New FDA guidance allows small studies in humans before phase I safety testing.(News)(investigational new drug studies)

Researchers now have a pathway for conducting early clinical testing of drugs in a small number of human subjects under new guidance from the Food and Drug Administration.

Officials at the FDA finalized guidance on exploratory investigational new drug (IND) studies which allows researchers to move forward with small human studies before beginning traditional phase I safety testing in humans. The guidance, published in January, makes recommendations on safety testing, manufacturing, and clinical approaches in these early studies.

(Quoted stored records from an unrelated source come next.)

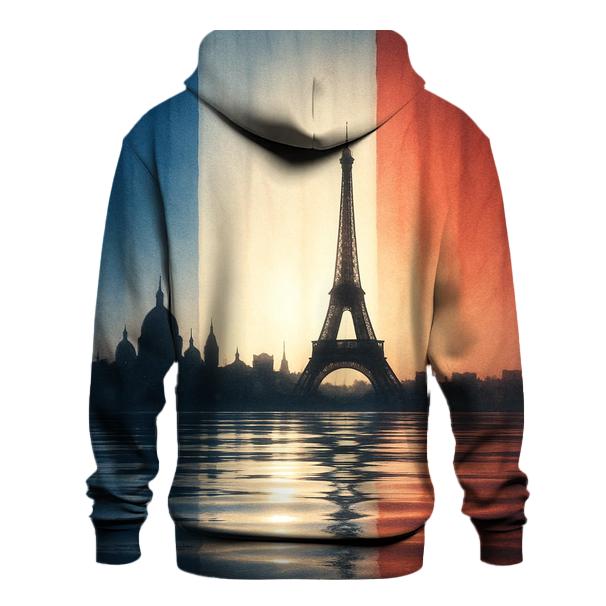 Tricolore Reflection custom hoodies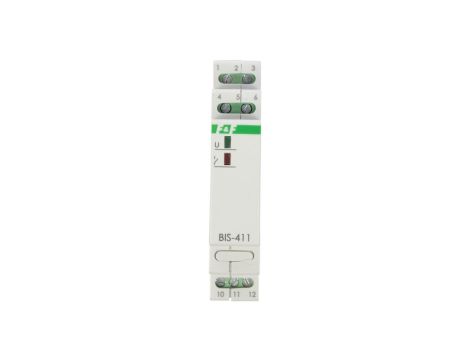 Przekaźnik impulsowy włącz-wyłącz 16A 24V AC/DC 1P BIS-411-24V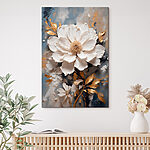 Obraz Delikatny kwiat na miękkim tle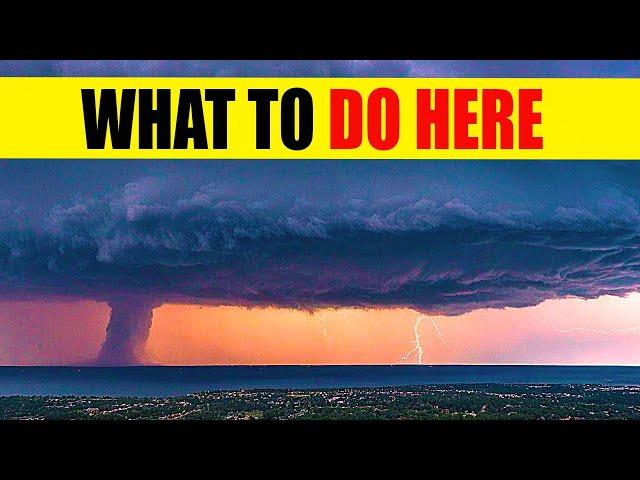 What should you do if caught in severe storm conditions - LEGAL MONEY ZONE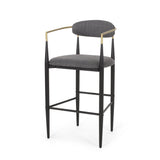 Counter Height Upholstered Barstools (Set of 2)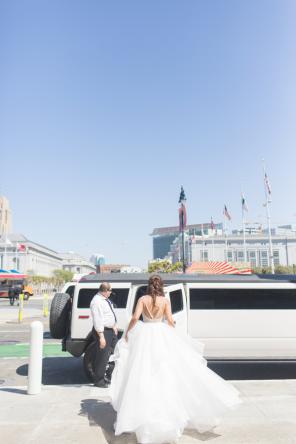 Real Wedding - Moderne Hochzeit im Rathaus von San Francisco - 08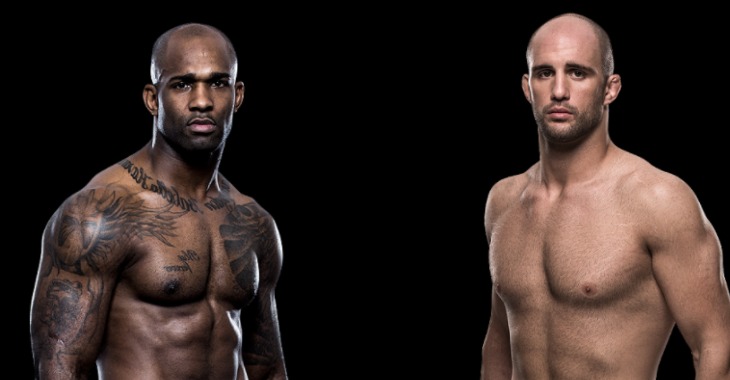 Volkan Oezdemir vs. Jimi Manuwa at UFC 214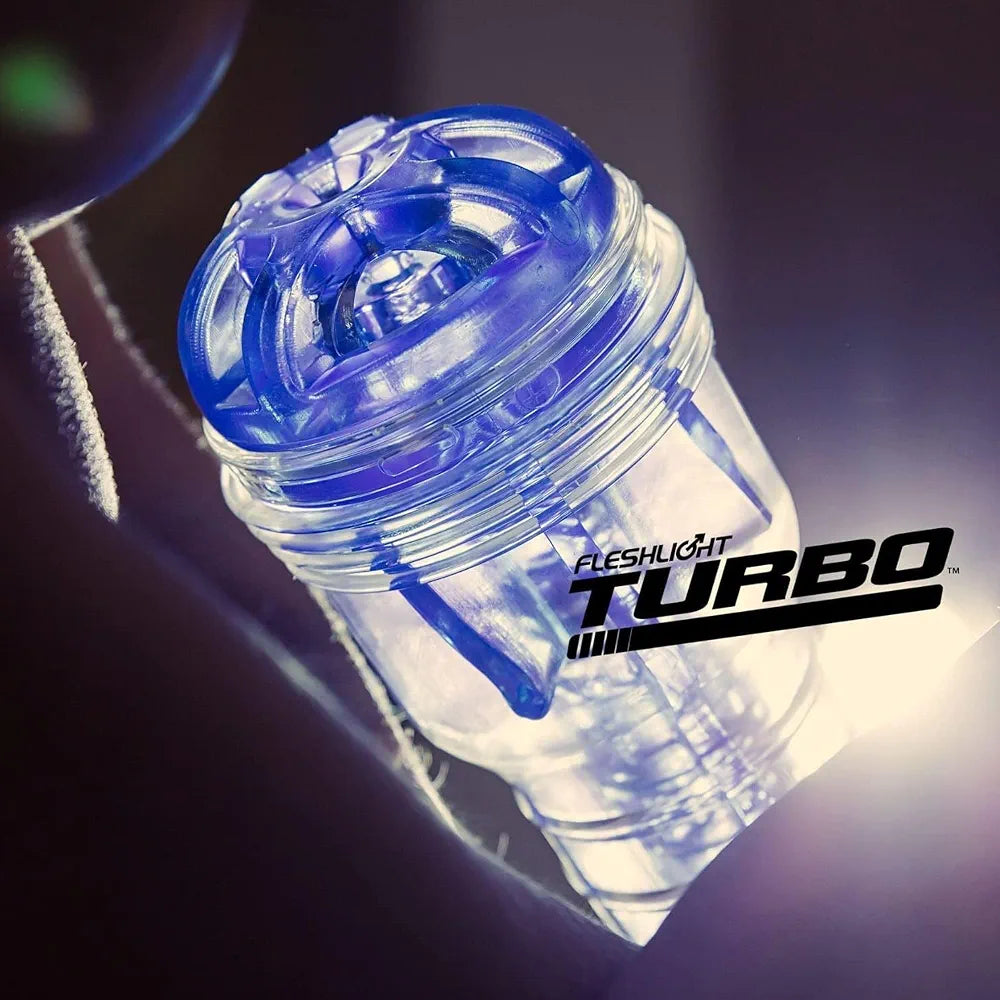Fleshlight Turbo Thrust Blue Ice Realistic Male Masturbator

The FDA also published draft guidance and a direct final rule last month that outlines new standards for the manufacture of drugs solely for use in phase I studies. The rule is aimed at making it easier for scientists to produce small quantities of drugs for small-scale, early-phase human testing.

"This is about saving lives and about building medicine's future," said Dr. Andrew von Eschenbach, acting FDA Commissioner of Food and Drugs.

Currently, less than 10% of IND applications for new molecular entities progress beyond the investigational stage, according to the FDA. These changes will remove some of the hurdles from very early drug development, Dr. von Eschenbach said during a media teleconference sponsored by the FDA.

But critics of the approach say it relaxes needed human subjects protections at a time when the safety of clinical trials is already being questioned.

In guidance on the exploratory IND, FDA officials outline their thinking that drug sponsors have not taken full advantage of the flexibility in the existing regulations and often provide more supporting information than is required for an exploratory IND.